Notably, the Mag7 has recovered from the sharp drop triggered by the tariff shock in April. However, recent doubts about their leadership in the artificial intelligence race have dampened enthusiasm among some investors.
As a result, the key U.S. market benchmark – the S&P 500 – rose 0.47%, closing at its sixth all-time high of 2025. The tech-heavy Nasdaq Composite climbed even higher, gaining 0.94% and setting its third record of the year.
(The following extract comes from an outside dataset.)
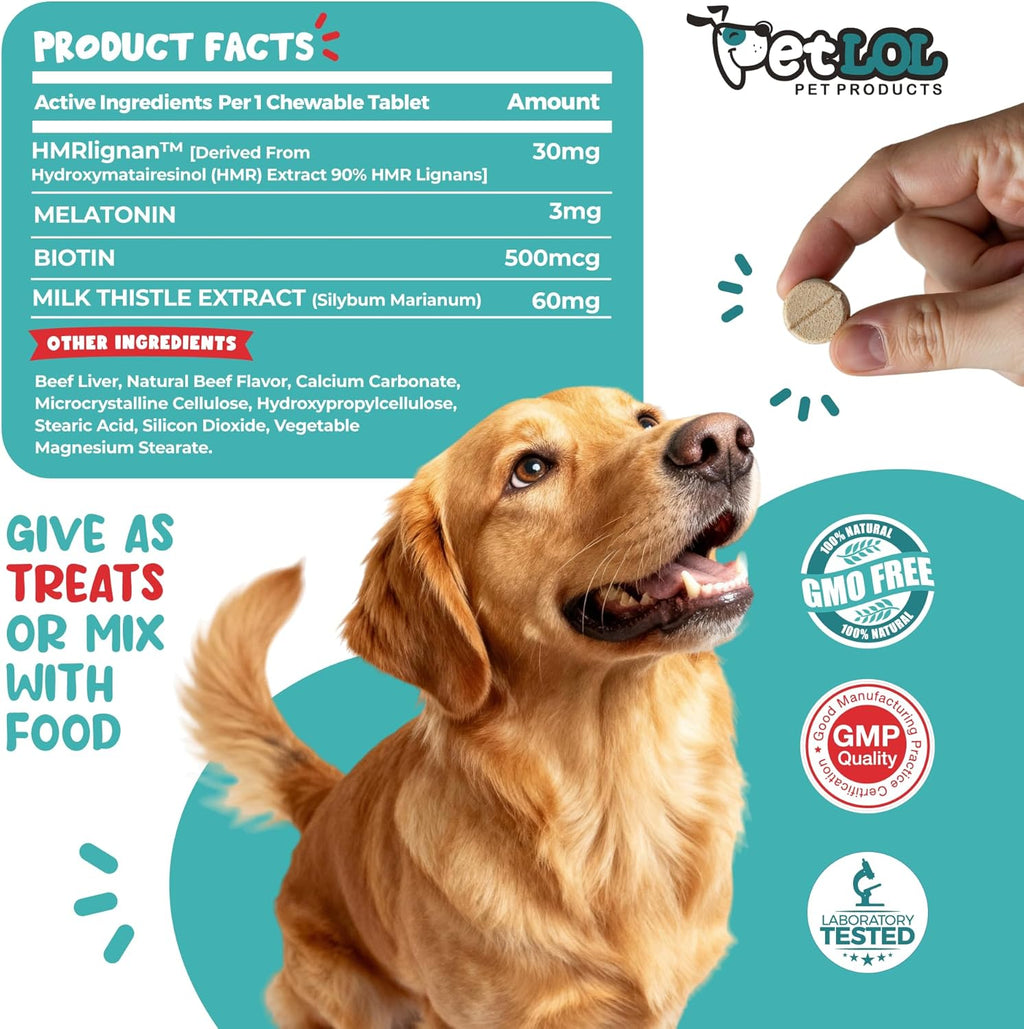 HMR Lignan + Melatonina + Biotina + Cardo Mariano para Perros | Fórmula 4 en 1 | Apoyo Adrenal y Niveles Normales de Cortisol | Salud de Piel, Pelaje y Digestiva | 90 Comprimidos Masticables | Sabor Natural a Carne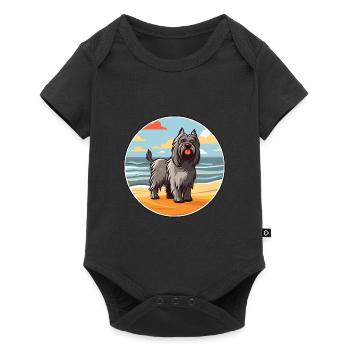 Skye Terrier chien race dessin animé Kawaii Clipart chien - Body à manches courtes Premium Bébé - noir - Devant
Meanwhile, the industrial Dow Jones Industrial Average (DJIA) slightly underperformed, slipping a symbolic 0.02%.
Overall, Wednesday’s session can be considered a success – especially given the weak start following the release of disappointing labor market data from ADP. In June, the U.S. economy lost jobs: instead of the expected gain of 99,000, there was a decline of 33,000. Moreover, May’s figures were revised downward from a gain of 37,000 to a loss of 29,000. In other words, the economy hasn’t been creating jobs over the past two months – it’s been losing them. This is clearly a troubling sign and a negative indicator for the broader economy.
Despite this, the market, which opened near flat, managed to push higher. Investors were encouraged by comments from President Trump, who said the U.S. had reached a tariff agreement with Vietnam – reportedly agreeing to cut existing duties from 46% to 20%. A victory, supposedly – though whether it truly is remains to be seen.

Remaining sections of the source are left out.